Quantitative (or Numerical) Data  - consist of numbers representing counts or measurements.

Categorical (or Qualitative) Data- consist of non numerical measurements.

Example: 

Quantitative examples: Number of students in the class, wait times at a coffee shop, length of a boat.

Categorical examples: political affiliation, race, gender



Discrete data: result when the data values come from a finite or countable set.

Continuous data: results when the data values come from an infinite set (uncountable).

Example: 

Discrete examples: amount of money earned at a job, number of people on a bus

Note: You can list all the possible outcomes. Amount of money earned on a roofing job can be $10,000 or $10,000.01 or $10,000.02, etc (there are a lot of possibilities but we can list them all...discrete!)

Continuous examples: heights, weights

Note: We can NOT list all the outcomes.  Weight, if we have a weight of 175lbs and 176lbs are there any possible weights between the two? YES! 175.5 lbs.  What about 175 and 175.5, any other possibilities between those two?
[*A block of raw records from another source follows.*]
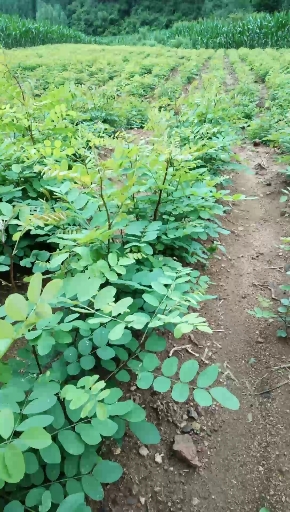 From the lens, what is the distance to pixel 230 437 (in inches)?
64.9

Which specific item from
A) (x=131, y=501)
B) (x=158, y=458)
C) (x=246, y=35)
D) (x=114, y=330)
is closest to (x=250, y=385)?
(x=158, y=458)

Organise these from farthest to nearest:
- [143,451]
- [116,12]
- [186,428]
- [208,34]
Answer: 1. [116,12]
2. [208,34]
3. [186,428]
4. [143,451]

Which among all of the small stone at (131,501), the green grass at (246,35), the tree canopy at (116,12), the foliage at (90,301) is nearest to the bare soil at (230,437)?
the small stone at (131,501)

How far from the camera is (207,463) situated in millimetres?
1563

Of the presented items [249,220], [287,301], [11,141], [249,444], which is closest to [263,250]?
[249,220]

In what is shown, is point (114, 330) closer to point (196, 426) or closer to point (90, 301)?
point (90, 301)

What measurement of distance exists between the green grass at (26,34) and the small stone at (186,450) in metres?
22.4

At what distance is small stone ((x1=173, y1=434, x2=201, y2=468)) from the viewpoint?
1.54 meters

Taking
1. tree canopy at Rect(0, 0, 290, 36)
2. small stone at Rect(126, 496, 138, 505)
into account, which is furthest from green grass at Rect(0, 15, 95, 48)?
small stone at Rect(126, 496, 138, 505)

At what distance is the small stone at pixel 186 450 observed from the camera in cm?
154

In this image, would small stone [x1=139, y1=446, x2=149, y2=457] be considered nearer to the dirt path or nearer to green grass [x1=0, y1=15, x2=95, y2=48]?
the dirt path

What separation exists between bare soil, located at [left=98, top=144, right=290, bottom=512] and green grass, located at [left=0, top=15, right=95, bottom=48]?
22.0 metres

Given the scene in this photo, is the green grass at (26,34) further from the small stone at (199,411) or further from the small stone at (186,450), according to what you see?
the small stone at (186,450)

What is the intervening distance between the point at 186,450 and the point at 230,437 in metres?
0.21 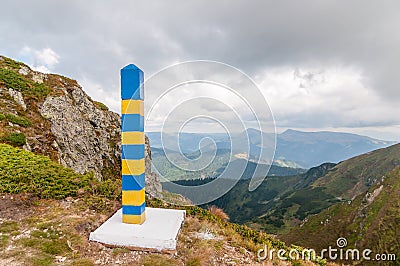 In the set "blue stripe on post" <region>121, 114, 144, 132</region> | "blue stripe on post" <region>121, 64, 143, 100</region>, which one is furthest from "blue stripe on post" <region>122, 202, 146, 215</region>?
"blue stripe on post" <region>121, 64, 143, 100</region>

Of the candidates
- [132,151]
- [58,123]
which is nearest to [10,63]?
[58,123]

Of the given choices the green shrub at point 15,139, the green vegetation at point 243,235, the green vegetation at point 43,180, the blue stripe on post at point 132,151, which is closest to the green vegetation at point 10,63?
the green shrub at point 15,139

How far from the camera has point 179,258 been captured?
253 inches

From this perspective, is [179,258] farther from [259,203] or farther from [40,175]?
[259,203]

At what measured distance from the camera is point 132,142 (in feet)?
24.6

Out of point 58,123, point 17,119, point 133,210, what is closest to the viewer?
point 133,210

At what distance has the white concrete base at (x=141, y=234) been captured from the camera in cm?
666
YES! 175.2 lbs.  No matter what two weights are given we can always find another value between them.  In fact, we can find an infinite number between any two given weights....Continuous data!
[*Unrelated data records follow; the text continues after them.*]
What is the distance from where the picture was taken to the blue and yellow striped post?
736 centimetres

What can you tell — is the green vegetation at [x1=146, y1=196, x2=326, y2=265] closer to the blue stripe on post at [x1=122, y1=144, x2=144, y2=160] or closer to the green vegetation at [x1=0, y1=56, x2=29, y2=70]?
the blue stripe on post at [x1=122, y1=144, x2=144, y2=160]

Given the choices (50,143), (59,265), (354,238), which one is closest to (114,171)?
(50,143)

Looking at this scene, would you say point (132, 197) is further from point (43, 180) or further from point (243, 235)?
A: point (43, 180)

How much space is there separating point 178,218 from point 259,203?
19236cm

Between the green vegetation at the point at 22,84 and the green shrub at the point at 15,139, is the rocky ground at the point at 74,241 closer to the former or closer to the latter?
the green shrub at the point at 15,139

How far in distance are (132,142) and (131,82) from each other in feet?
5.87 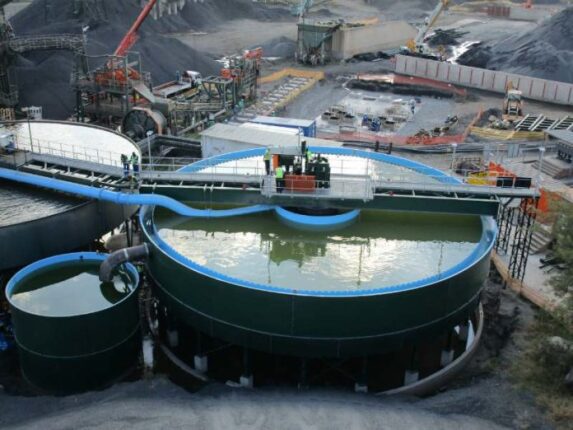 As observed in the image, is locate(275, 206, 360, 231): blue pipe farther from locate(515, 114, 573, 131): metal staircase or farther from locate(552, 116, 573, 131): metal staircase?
locate(552, 116, 573, 131): metal staircase

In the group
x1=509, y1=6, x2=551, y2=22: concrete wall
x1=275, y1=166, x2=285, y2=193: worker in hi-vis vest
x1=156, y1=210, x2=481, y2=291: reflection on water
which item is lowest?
x1=156, y1=210, x2=481, y2=291: reflection on water

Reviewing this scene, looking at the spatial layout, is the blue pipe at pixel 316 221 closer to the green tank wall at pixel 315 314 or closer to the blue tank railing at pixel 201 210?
the blue tank railing at pixel 201 210

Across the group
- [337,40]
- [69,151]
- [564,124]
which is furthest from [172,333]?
[337,40]

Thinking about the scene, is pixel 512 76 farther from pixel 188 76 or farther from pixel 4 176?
pixel 4 176

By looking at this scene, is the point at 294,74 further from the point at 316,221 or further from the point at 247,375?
the point at 247,375

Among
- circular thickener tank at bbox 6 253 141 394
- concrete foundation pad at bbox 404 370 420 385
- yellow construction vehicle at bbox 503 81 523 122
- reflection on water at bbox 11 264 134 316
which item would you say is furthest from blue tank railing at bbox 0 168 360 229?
yellow construction vehicle at bbox 503 81 523 122

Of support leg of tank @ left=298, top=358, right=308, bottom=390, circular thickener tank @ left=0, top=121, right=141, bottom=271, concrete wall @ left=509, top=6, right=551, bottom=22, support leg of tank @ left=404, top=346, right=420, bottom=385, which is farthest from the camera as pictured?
concrete wall @ left=509, top=6, right=551, bottom=22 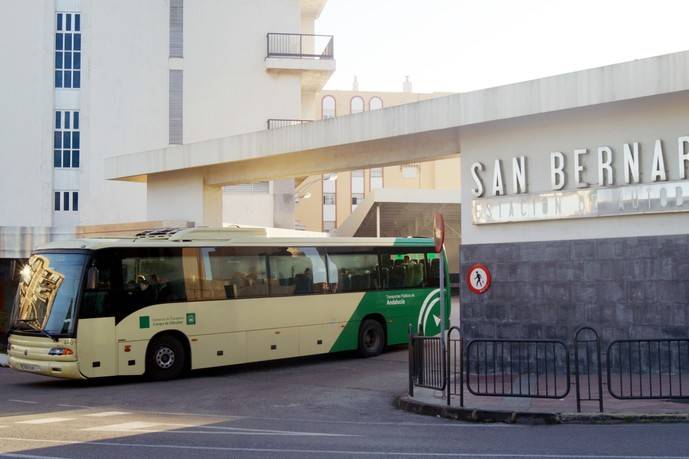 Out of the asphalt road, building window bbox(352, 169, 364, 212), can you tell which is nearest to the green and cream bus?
the asphalt road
Levels of measurement (4 levels below)

Nominal-data that consists of names or categories.  No ordering possible. 

 Examples: political affiliation, race, gender (grouping with no ordering possible)

Ordinal- Ordering is possible but mathematical differences are meaningless.

Examples: Course grades (A,B,C,D,F) we know that an “A” is better than a “B” but we can’t measure the difference mathematically.  Places (1st, 2nd, 3rd)

Interval: Ordering is possible and mathematical differences are meaningful. No absolute zero.

Example: temperature in degrees Celsius.  If we have a 10 degree day and a 20 degree day we can say that the 20 degree day was 10 degrees warmer...ie. mathematical differences are meaningful.  Note: that 0 degrees Celsius does not mean absence of heat...just the point where water freezes.  Therefore, there is no absolute zero. When no absolute zero exists, ratios can not be used...we can not say the 20 degree day was twice as warm as the 10 degree day.

Ratio: Ordering is possible, mathematical differences and ratios are meaningful.  Absolute zero present

Example: weight.  If we have a 100lb object and a 200lb object we can say that the 200lb object weighs 100 lbs more (differences are meaningful). We can also say that the 200lb object weighs twice as much (ratios are meaningful)!  We’re able to use ratios here since an absolute zero is present. What does 0lbs mean?  Means it’s without weight or weightless! 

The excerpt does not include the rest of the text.